Les Etats-Unis sont particulièrement touchés avec la perte de valeur du dollar. C'est pourquoi en 1971, ils annulent les accords de Bretton Woods. Puis les taux de change flottants remplacent les taux fixes. La finance n'a plus ce centre régulateur qu'étaient les Etats-Unis. Chaque Etat va alors tendre à "libérer" ses marchés financiers plus ou moins rapidement, réagissant en réalité davantage aux pressions des capitalistes qu'à une idéologie.

Il faut trouver un nouveau modèle... Un des consensus qui va rapidement se dessiner est la lutte contre l'inflation, ce qui va conduire au dogme monétariste. Pour cela, les Banques centrales seront déclarées "indépendantes".

2.3 Les « chocs pétroliers »

La crise des années 1970 (il s'agit davantage d'une période de ralentissement progressif de l'économie que d'une crise - ponctuelle) n'est pas réductible aux « chocs pétroliers » comme certaines périodisations le laissent entendre. Néanmoins il s'agit d'un facteur non négligeable dans la mesure où le renchérissement du pétrole vient peser sur le taux de profit (augmentation du coût du capital constant).

Avant les années 1970, les puissances impérialistes avaient un sentiment de toute puissance et de contrôle sur les ressources naturelles où qu'elles soient dans le monde. Par exemple elles disposaient comparativement à aujourd'hui d'un pétrole très peu cher, parce que les compagnies pétrolières occidentales ne payaient quasiment rien aux pays dominés dans lesquels elles opéraient.

Pourtant dans le sillage de la décolonisation, une vague de revendications monte dans les années 1960. Les pays dominés exportateurs de pétrole créent en 1960 l'OPEP, qui est accueillie avec mépris par les occidentaux. Le Financial Times ne lui donne par exemple que «  deux ans d’espérance de vie ». Elle monte pourtant en puissance progressivement. En 1969, après son arrivée au pouvoir en Libye, Khadafi impose de meilleures royalties à une compagnie américaine (l’indépendant Occidental petroleum), ce qui stimulera à son tour les revendications des autres pays de l'OPEP.

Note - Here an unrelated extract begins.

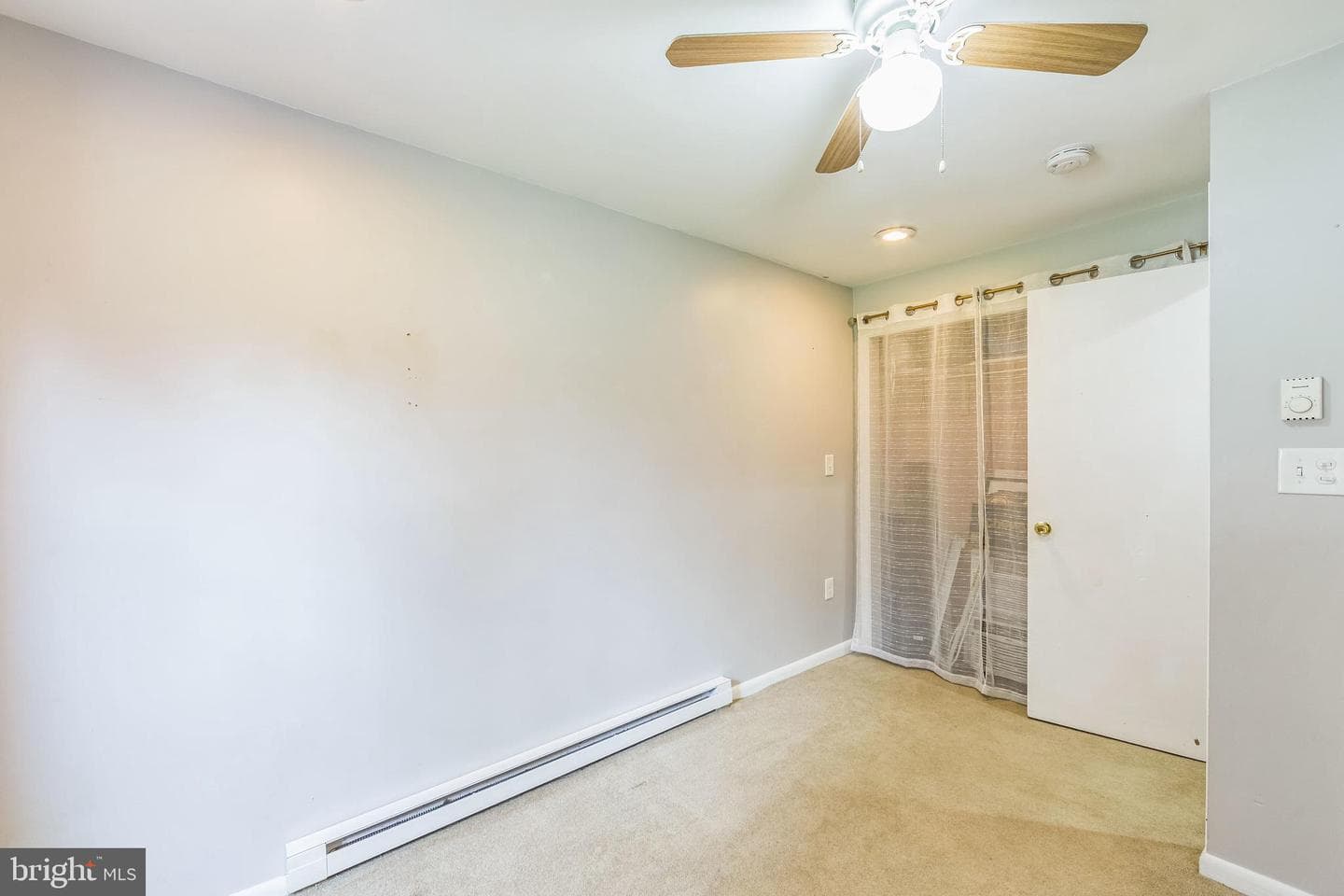 210 Noble Street photo 23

Les trusts du pétrole profiteront bien évidemment de cette situation pour augmenter largement leurs prix.

2.4 Augmentations des conflits politiques

Cela ouvre une période d'accentuation des luttes de classe, d'autant plus que la classe ouvrière s'est massifiée et que les jeunes (jeunes travailleurs et étudiants, dont la composition sociale est plus populaire suite à la massification des universités) se radicalisent contre le capitalisme ou au moins ses effets (crises écologiques, impérialisme...).

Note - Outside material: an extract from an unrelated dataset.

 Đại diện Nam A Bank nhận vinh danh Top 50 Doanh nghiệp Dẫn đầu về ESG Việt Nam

Ainsi en plus de la contestations entre ouvriers et patrons à l'intérieur des entreprises, s'ajoute une opposition entre une partie importante de la population et les actionnaires. Des actions militantes se multiplient pour venir dénoncer les activités des entreprises au sein même des assemblées d'actionnaires.

En 1971, David Rockefeller déclare : « Il est à peine exagéré de dire que le business américain fait aujourd’hui face à la plus grande défaveur publique qu’il ait connue depuis les années 1930. On nous accuse de détériorer la condition des travailleurs, de tromper les consommateurs, de détruire l’environnement et de léser les jeunes générations. »

Cela provoque des réactions anti-intellectuels chez des idéologues bourgeois. Ainsi Irving Kristol, Norman Podhoretz ou Arthur Shenfield théorisent que l'hostilité anticapitaliste diffuse provient d’une “new class”, vague classe moyenne, “intellectuelle” mais massifiée et donc au rabais, composée « d'intellectuelloïdes ». [1]

2.5 Crise idéologique

La crise des années 1970 vient remettre en question le paradigme dominant, celui d'un capitalisme régulé suivant les préceptes keynésiens.

Réagissant d'abord dans la logique keynésienne, les gouvernements tentent des plans de relance, qui restent vains. La grande bourgeoisie et les politiciens à leur service cherchent alors des solutions.